O escravo se destina a aprender essas artes manuais, as artes dos servos, e não as artes do homem livre. isso se chama divisão do trabalho. A pedagogia que Sêneca propõe ao escravo é uma pedagogia da servidão: aprender a ter prazer e amor ao servir ao mestre. É uma fábrica de cordeirinhos. É educa-los para a servidão.

Se você verificar o texto em latim, verá que se escreve o seguinte:

"Alius pretiosas aves scindit; per pectus et clunes certis ductibus circumferens eruditam manum frusta excutit, infelix, qui huic uni rei vivit, ut altilia decenter secet, nisi quod miserior est qui hoc voluptatis causā docet quam qui necessitatis discit. 

ou, em português:

"Outro escravo fatia as preciosas aves de caça; com traços seguros e mão hábil ele corta fatias selecionadas ao longo do peito ou da coxa. Companheiro infeliz, que vive apenas com o propósito de cortar perus corretamente – a menos que, de fato, outro homem seja ainda mais infeliz do que ele, que ensina esta arte por prazer, ao invés de quem aprende isso por dever."

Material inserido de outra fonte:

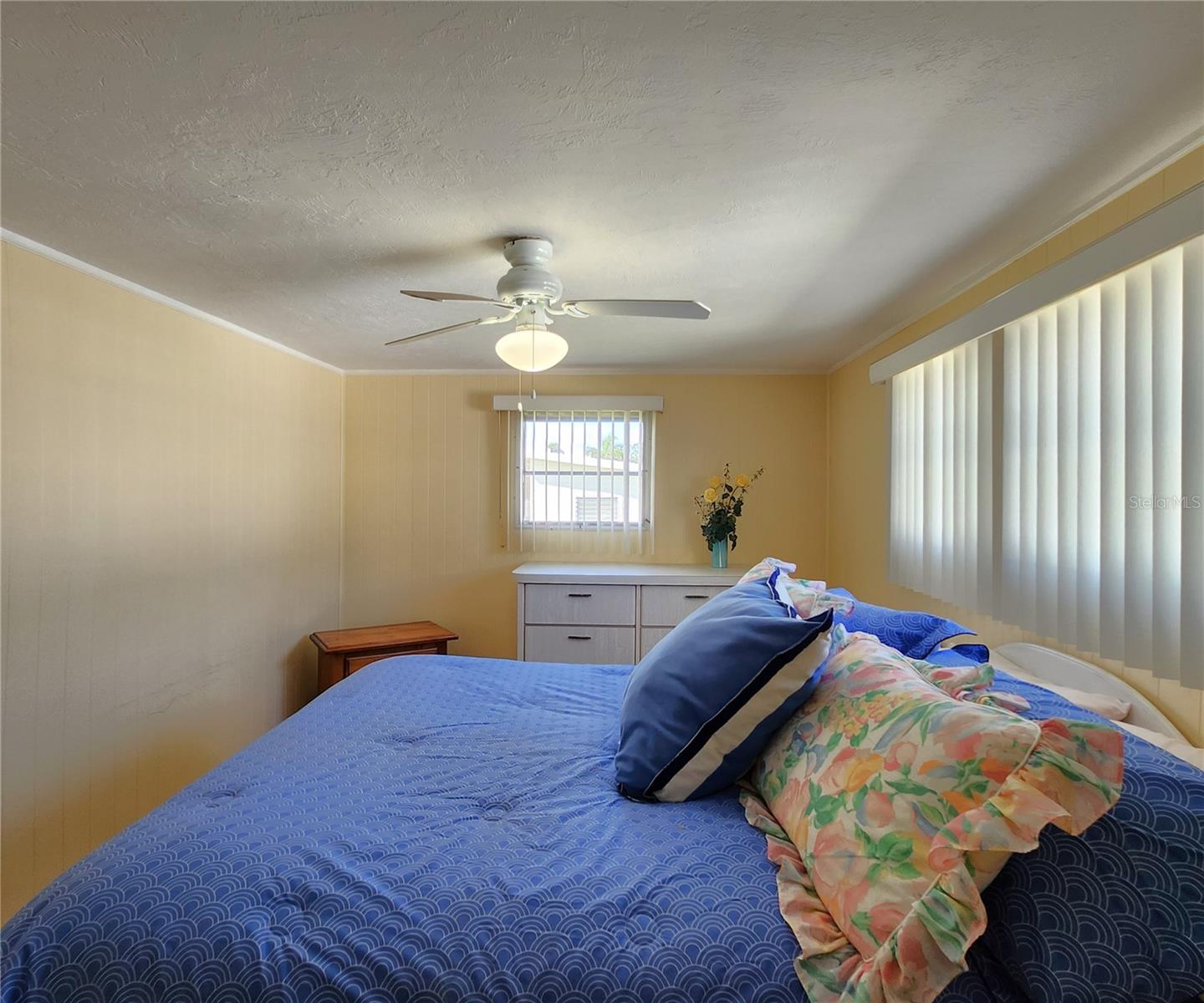 GOLF LAKES RESIDENTS CO-OP - Residential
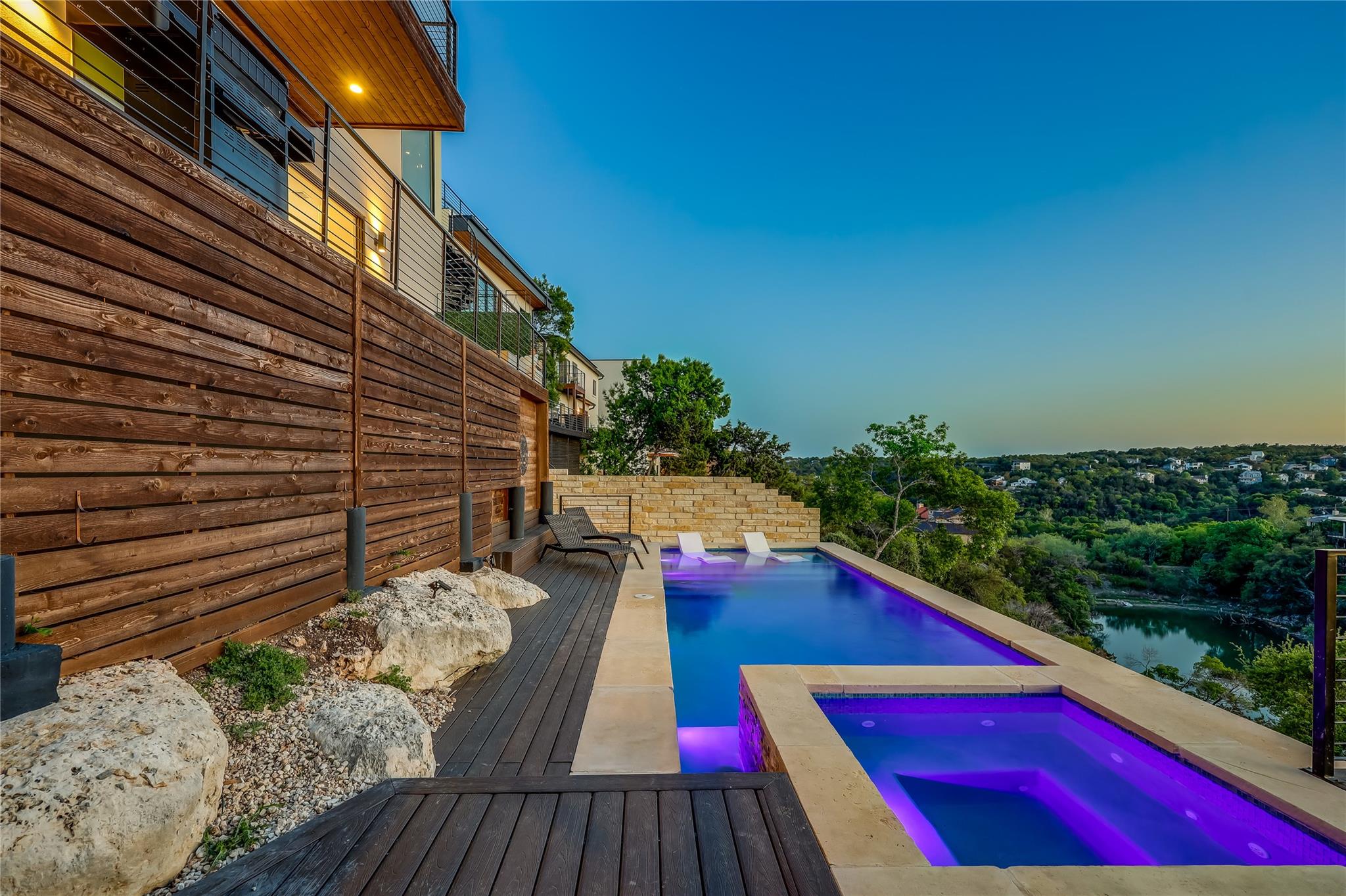 3138 Chisholm Trl, Austin, TX 78734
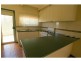 1/104 Olinda Street, Quarry Hill VIC 3550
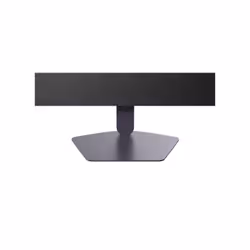 LG 27G523B-B écran plat de PC 68,6 cm (27") 1920 x 1080 pixels Full HD LCD Noir - Vue supplémentaire 6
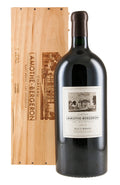 Lamothe Bergeron 300cl 2012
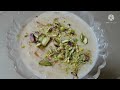 Gajar Kheer Recipe |Carrot Kheer Recipe |How To Make Gajar Ki Kheer |Creamy Carrot With Rice Pudding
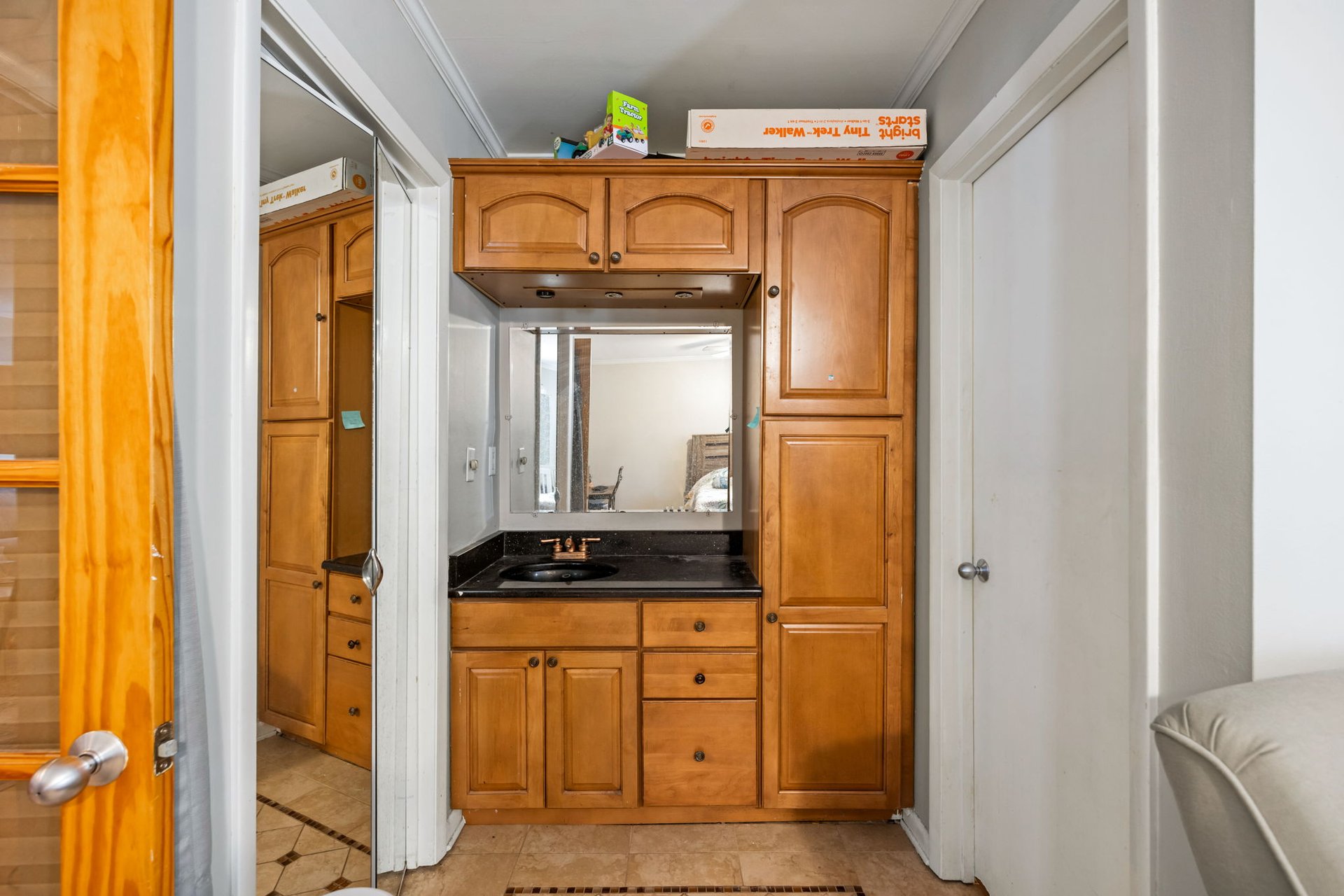 30 Finch Trail NE, Atlanta, GA 30308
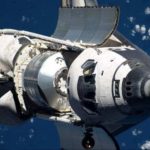 El transbordador espacial fue revolucionario para su época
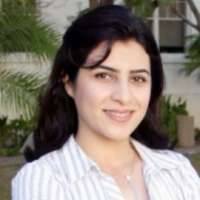 Azadeh Nikfarjam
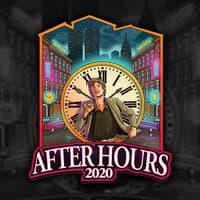 After Hours 2020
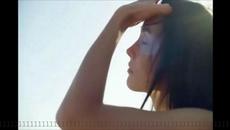 Beth Hart - God Bless You - Videoclip.bg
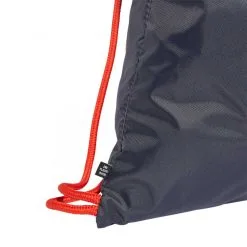 Bolsa Adidas FC Bayern De Múnich 2022-2023 -tienda de material de futbol bolsa adidas fc bayern de munich 2022 2023 night grey red white 3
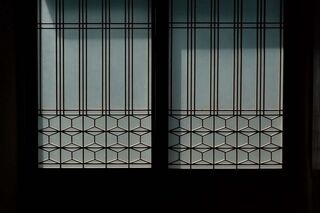 屯 TON サウナ付き一棟貸し宿-image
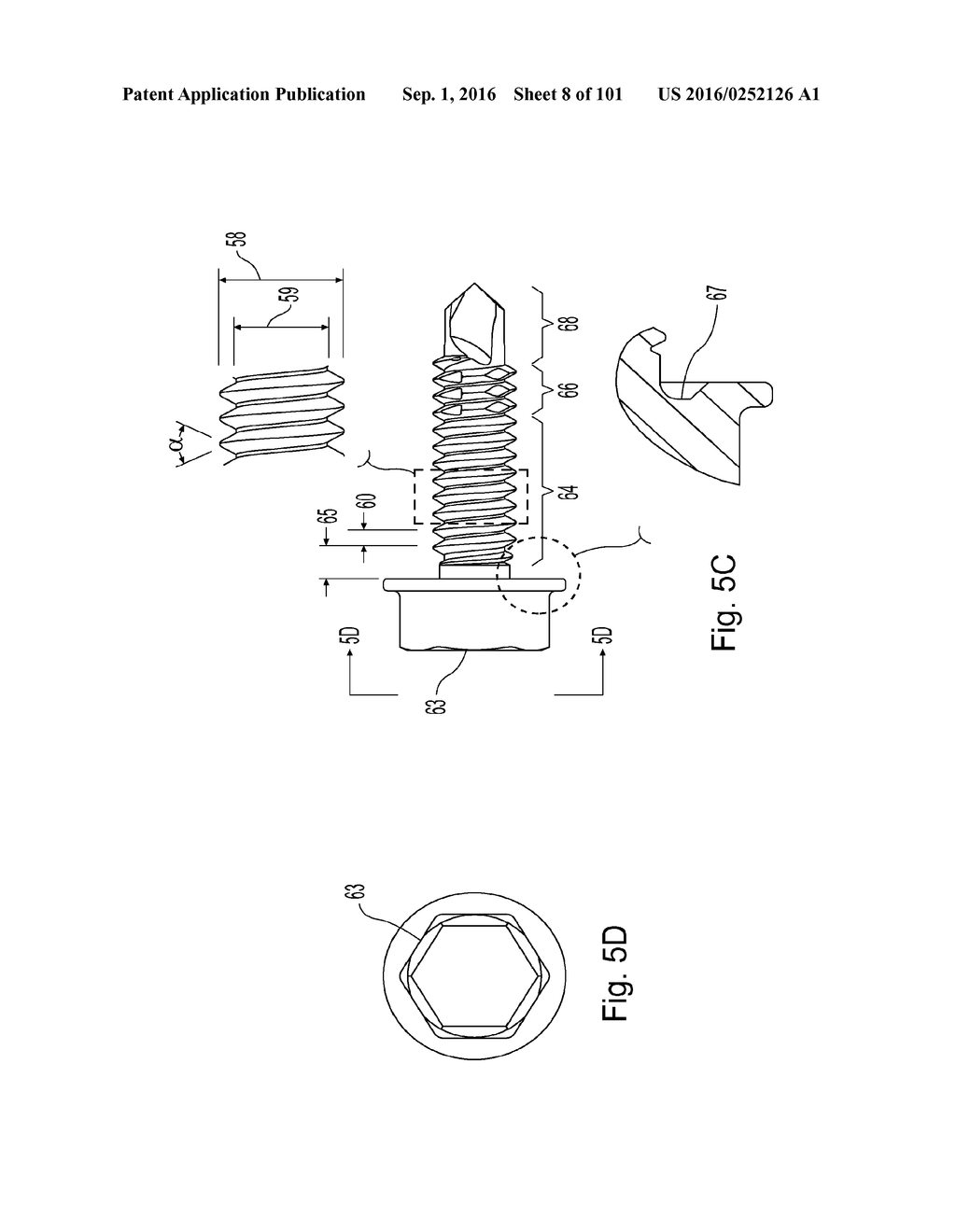 WELDLESS BUILDING STRUCTURES - diagram, schematic, and image 09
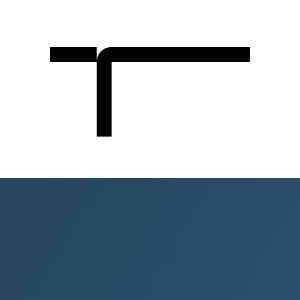Tribe logo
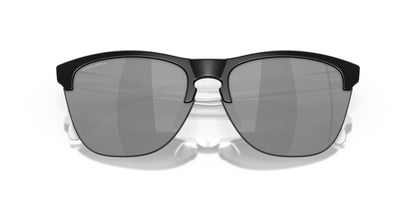 Oakley Frogskins Lite 9374 Sunglasses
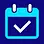 Teamwork Desk DaySchedule Integration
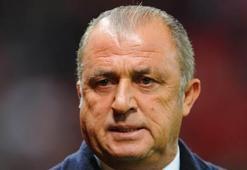 Terim’den 5 Ocak mesajı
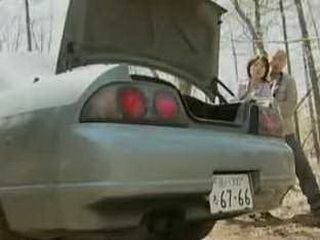 Wilted Nippon Nymphs Gone Wild - JAV HD TUBE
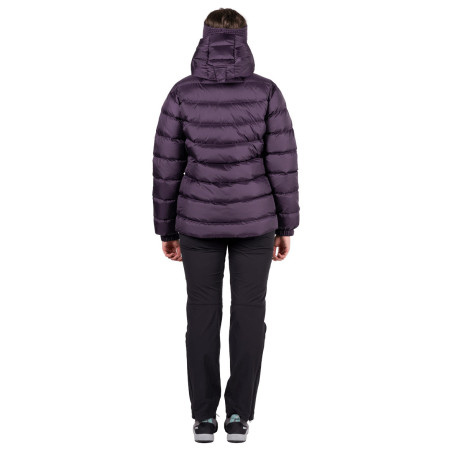 Doudoune femme Mountain Equipment Lightline Jacket Women's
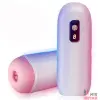 Мастурбатор Boss Series Rechargeable Мастурбатор Boss Series Rechargeable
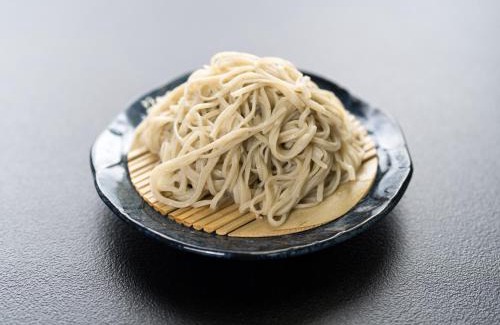 Iiyama Hotel | 手打ちそばの宿 石田屋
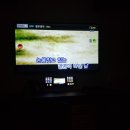 신세계 동전노래연습장 이미지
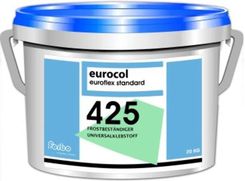 Zdjęcie Forbo Klej Uniwersalny Euroflex 20kg - Lubin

Destaquei em itálico a palavra docet, que alude ao verbo docere que costuma ser traduzido como ensinar. A tradução, no entanto, não esclarece uma coisa importante: havia uma arte docente adequada para formar aos servos, os estratos mais inferiores da plebe, e uma outra para formar os grandes homens Um cidadão romano superior era treinado tanto para lidar com seus iguais tanto com seus subalternos; ao falar com este, procurava docere, delectare, movere: ensinar e deleitar, como o fim de direcioná-los a um fim favorável. Sim, os romanos aprendiam a manipular seus escravos, e Sêneca era um dos seus inventores dessa arte da adulação. Como escreveu um historiador:

"No Iluminismo, porém, vige o Antigo Regime. Isto é, a classe comerciante não ascendeu ainda plenamente ao poder. Numa monarquia absoluta, toda reflexão acerca do poder gira em torno do governante, o que torna interessante observar portanto os discursos morais endereçados aos futuros monarcas quando de sua educação. Esse trabalho fica sempre a cargo de um membro do clero, o “preceptor”, que se valerá do melhor da tradição moral cristã para formar o futuro monarca. Trata-se de uma tradição que remonta, porém, a Roma antes da cristandade. Os “espelhos do príncipe”, gênero cujo pioneiro é, salvo engano, Sêneca escrevendo ao jovem Nero (que augúrio), se tornam o modelo mesmo de instrução moral para quem há de ocupar o poder de um reino."